According to WIPO’s international patent filing statistics, the number of patent applications filed in South Africa in 2022 jumped by 63.9% compared to 2021. The South African Patent Office records indicate that this growth was mostly attributed to foreign applicants, with most originating from China and to a lesser extent, India. Usually, an increase in patent filing numbers from foreign applicants would indicate increased economic interest in South Africa, however, this has not been borne out in the economic outcomes of South Africa over the same period.
In 2008, China’s State Council issued a National Intellectual Property Strategy which included the long-term objective to “become a country with a comparatively high level in terms of the creation, utilization, protection and administration of [IP rights].” More recently, this target number was explicitly quantified as 12 invention patents per 10,000 people in China by 2020. To incentivize Chinese nationals to file more patent applications, the government introduced subsidies and tax-breaks for nationals holding registered intellectual property rights. For example, in 2007 the Beijing authorities implemented an incentive program whereby a Beijing entity could receive roughly US $720 for each Chinese patent application filed, and roughly US $72,000 for each international patent application filed.

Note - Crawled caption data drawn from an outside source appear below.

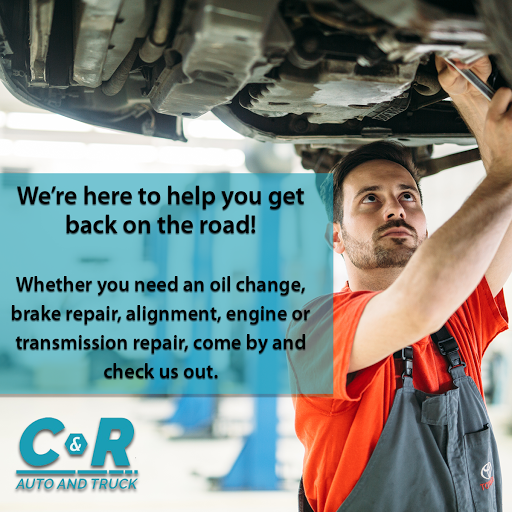 Auto Repair Shop «C & R Automotive & Truck Rpr», reviews and photos, 200 Burnside Ave, East Hartford, CT 06108, USA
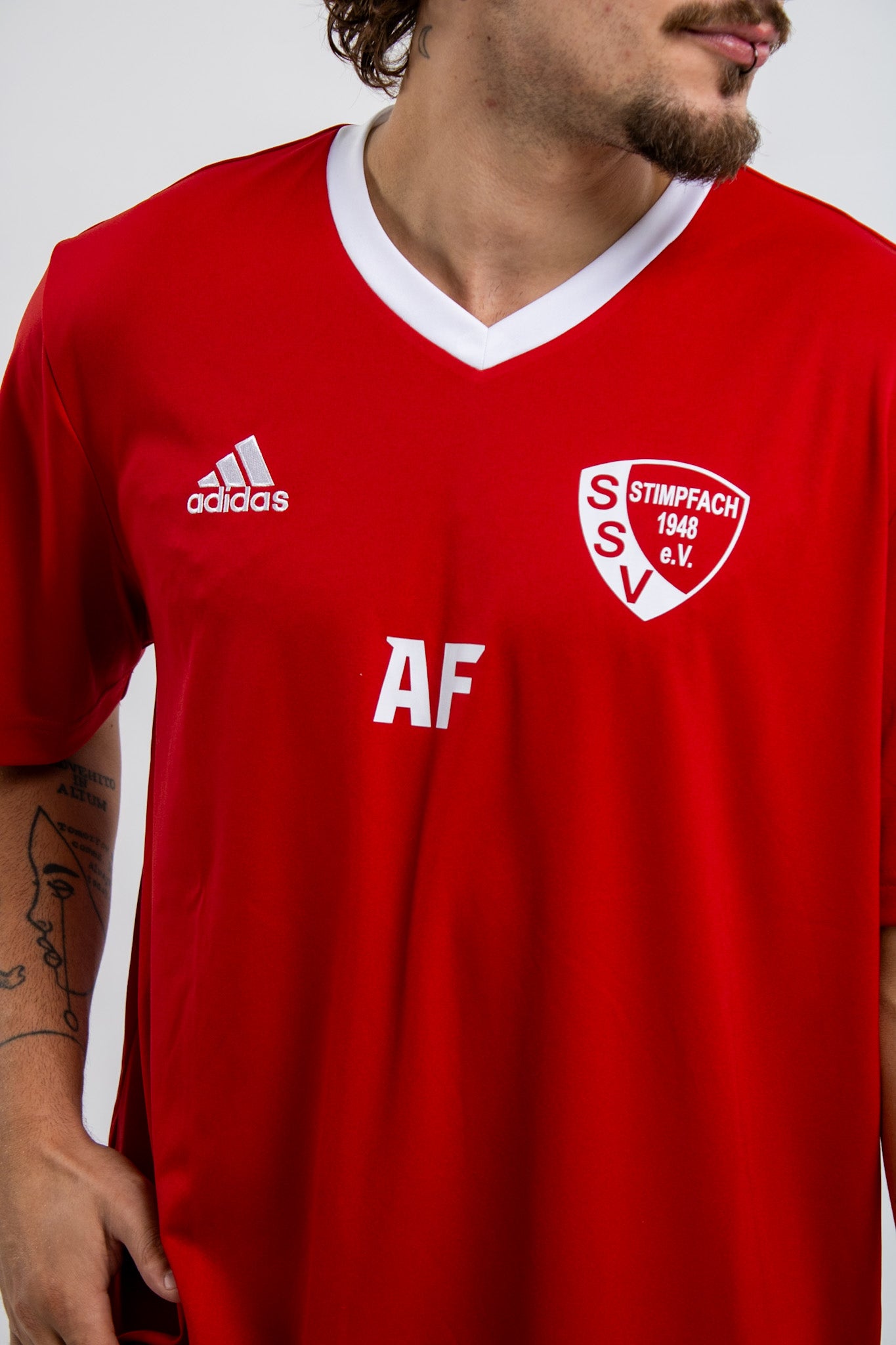 Adidas Tiro 23 Football Jersey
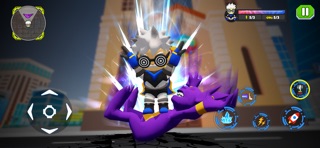 Ninja Superhero Fighter Games screenshot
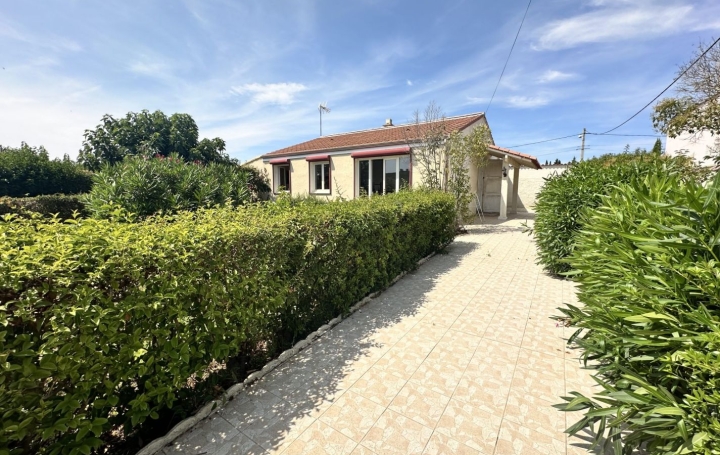 Maison BESSAN 73 m2 294 000 € Maison BESSAN 73 m2 294 000 €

This saw a meteoric rise in patent filings by Chinese nationals with a concomitant increase in patent agencies filing patent applications for these nationals at a cost which is below that of the government incentives. Naturally, this has resulted in a proliferation of patents being filed which the applicant may have no intention of enforcing, and, in a lot of cases, where the applicant may know that the patent is invalid.
In 2021, the Dutch Patent Office noticed a peculiar increase in the number of Chinese foreign nationals filling patent applications in the Netherlands which did not claim priority from an earlier application, and which were requested to be granted on an urgent basis. Upon further investigation, the Dutch Patent Office determined that 50% of these applications were “re-used” patent applications, i.e., machine translations of previously published Chinese patent applications of which the time limits from which to claim priority had already expired. Accordingly, the Dutch Patent Office issued a directive that from 1 September 2022, it would no longer review these types of applications as they constituted an abuse of law.
The Dutch patent system is similar to the current South African patent system in that patent applications are not substantively examined, i.e., if the formal requirements are met, a patent will be granted. Furthermore, it was, up until recently, possible to request that the Registrar expedites the issuing of acceptance, which, in real terms, meant that a South African application could proceed to grant within three to five months of having been filed at the Patent Office. There are instances where the filing of such a request may be legitimate, e.g., where an applicant becomes aware of a potential infringement of the claims contained in their patent application, and wishes to institute legal proceedings in relation thereto, which can only occur after grant.
The above confluence of factors resulted in a large influx of patent applications being filed in South Africa on behalf of Chinese applicants, which filings were accompanied by requests to expedite acceptance of these applications. Despite this huge administrative burden, the South African Patent Office commendably rose to the occasion and processed most of these patent applications timeously, resulting in the staggering increase of granted patents in 2022.
When the recently appointed Registrar, Dr. Thandanani Cwele, became aware of the above abuse of the South African patent system, he issued Practice Note 21 of 2023, relating to requests for expedited acceptance, which came into force on 11 April 2023. In terms thereof, if such a request is filed within 12 months from the date of PCT national phase entry, or 18 months of having filed all other patent applications, the Registrar will require further evidence to be annexed to the request, which evidence shall include one of the following:
- for PCT applications, a copy of the Written Opinion or International Preliminary Report on Patentability issued during the international PCT phase, whereby at least one of the claims have been examined and found to be novel and inventive;
- a copy of a search and/or examination report of an equivalent foreign patent application issued by an examining patent office, whereby at least one of the claims have been examined and found to be novel and inventive; or
- an affidavit from at least one applicant, providing reasons that expedited acceptance is required.
This measure taken by the Registrar has been applauded by most South African patent practitioners as the South African Patent Office had already been under extensive administrative burden to issue acceptances for legitimate patent applications, long before this abusive practice transpired. Collectively, it is hoped that this measure will now give the Patent Office the breathing room to continue its laudable administrative efforts.
Chinese authorities have been aware of the possible abuse of the incentive system since its inception and have, over time, tried to legislate sanctions in an attempt to curb enthusiasm for “abnormal patent application behavior”. In 2020, the Chinese government noted that it had exceeded its target and had filed 15.8 patent applications per 10,000 people. In 2021, the Chinese government indicated that no more government funding would be provided for the filing of patent applications, however, local governments would still be entitled to provide financial incentives for patents (including foreign patents), but only after a patent had been granted. The government further indicated that local governments, however, would need to phase out the remaining financial assistance completely by 2025.
This gradual phasing out by 2025, does, however, leave a window of opportunity for Chinese nationals to potentially exploit other non-examining patent offices, and it has been suggested that non-examining jurisdictions should consider pre-emptively shoring up their legislative framework against the potential flood of junk patents.